Reunion of Celebrity Couple Highlights ‘Mother of All Roasts’

Aug 10, 2012

“Welcome to menopause-apalooza,” said Jane Lynch, opening up the show. The star of "Glee," who is rapidly becoming the female equivalent of Neil Patrick Harris when it comes to classy/comedic hosting and in this case roasting, was likely referring to Carrie Fisher, Ellen Barkin, Katey Sagal and the woman at the center of the evening, Ms. Roseanne Barr. And then, without much segue but with raucous audience approval, Lynch said, “Fuck Chick-fil-A.”

With a tagline of “Bring it, bitches,” Comedy Central delivered more than that on its “Roast of Roseanne,” which taped last weekend at the Hollywood Palladium and airs this Sunday night on the cable network.

The latest installment of these occasional specials — which have become anticipated events and somewhat of a cottage industry — is being relentlessly promoted across the network as “the mother of all roasts.” After Charlie Sheen and Pamela Anderson got toasted recently, it may just live up to that.

With a different cast of characters than usual up on the dais — in addition to roast favorites such as Gilbert Gottfried and Jeffrey Ross, both of whom were incredibly and hysterically politically incorrect — the evening became an opportunity to make amends, both personally and professionally.

Let’s go back about 20-some-odd years, when Roseanne was in her heyday as the star of her smash-hit sitcom. Her drug-fueled romance with Tom Arnold was the Kristen Stewart-Robert Pattinson tabloid fodder of the day. Fairly predictably, their marriage imploded in a very ugly manner that left both much worse for the experience.

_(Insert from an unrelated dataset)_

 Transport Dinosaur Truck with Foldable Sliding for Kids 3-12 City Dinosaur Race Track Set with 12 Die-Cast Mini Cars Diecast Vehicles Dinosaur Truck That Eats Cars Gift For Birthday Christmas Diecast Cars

Apparently Roseanne Barr and Tom Arnold, both of whom have long since moved on to new love interests, have not been in the same room for 18 years.

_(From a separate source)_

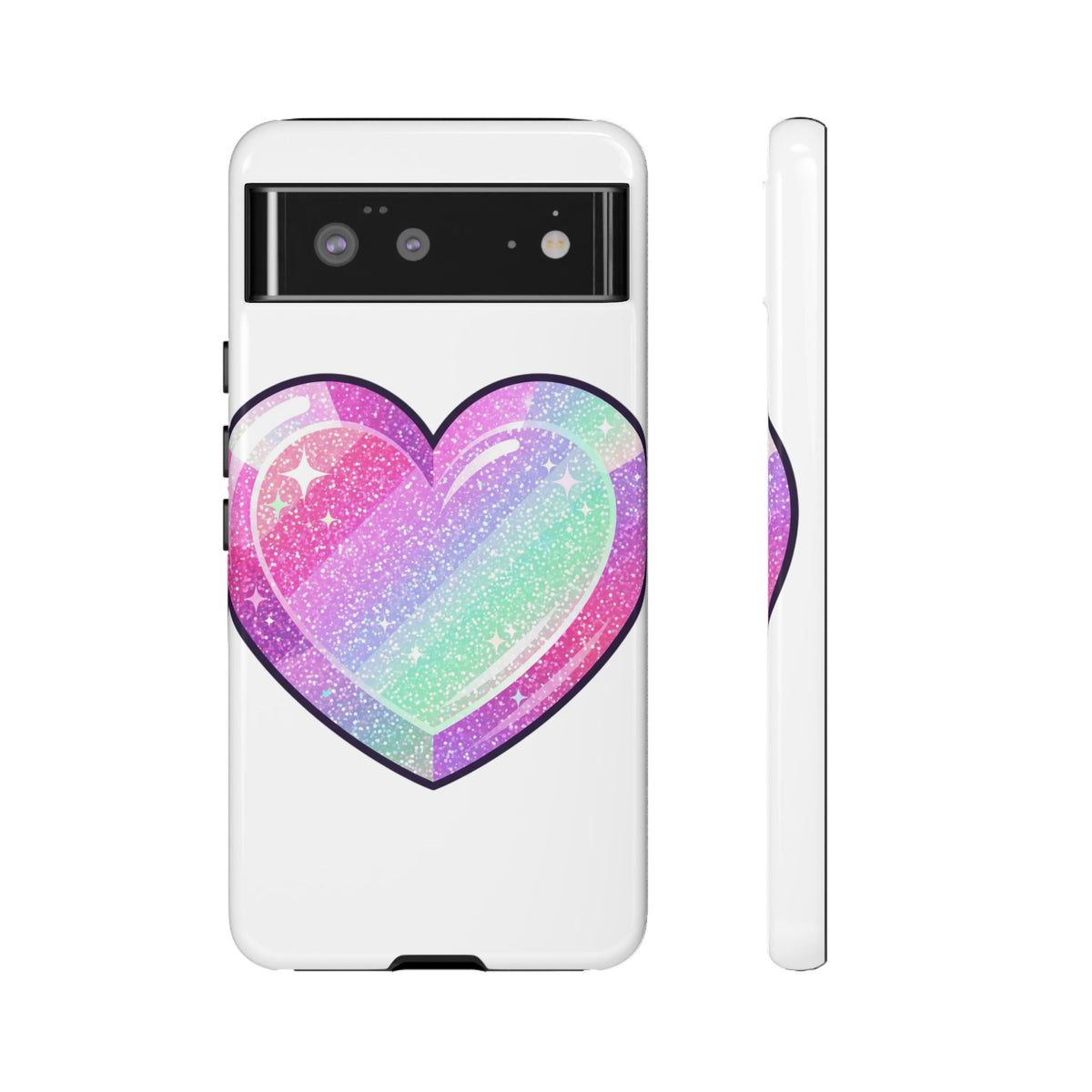 Pastel Glitter Heart Tough Phone Case — Cute Protective Phone Cover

That’s why it was absolutely shocking — and we’re not spoiling anything here because this big reveal is key to how the network is hyping the show — when in the middle of things, Arnold showed up and took the podium.

The audience was absolutely riveted. One person who had chosen to take that moment to step out of the ballroom was frozen in his tracks when Arnold was introduced. "I was like a deer caught in the headlights," he said.

Arnold started his spiel. "Rosie had 27 personalities, and only two of them liked me. One was a small German boy," he recalled. He reflected on their glory days — what he called a white-trash Camelot — when he got a tattoo of her on his chest and she had “Property of Tom Arnold” tattooed on her.

With his tattoo, Arnold said, after their split it was hard to get women to have sex with him.

After weaving his way down this kind of path, and how difficult it was to have Roseanne for an ex-wife, his set ended on a heartfelt, poignant note — and we won’t spoil that one for you.

But as she later put it in response to his appearance, "If I can bury my roiling, boiling hatred for him, then maybe there’s a chance for world peace.”

And then, fixing the past, part two. As if anyone could ever forget that screeching, horrific, disrespectful and endlessly controversial rendition of “The Star-Spangled Banner" before a Major League Baseball game, Roseanne launched into the 2012 version of the National Anthem to cap off her roast.

The Hollywood Palladium had become the home of the brave.

("The Comedy Central Roast of Roseanne" airs on Comedy Central Sunday, Aug. 12, at 10 p.m. ET/PT.)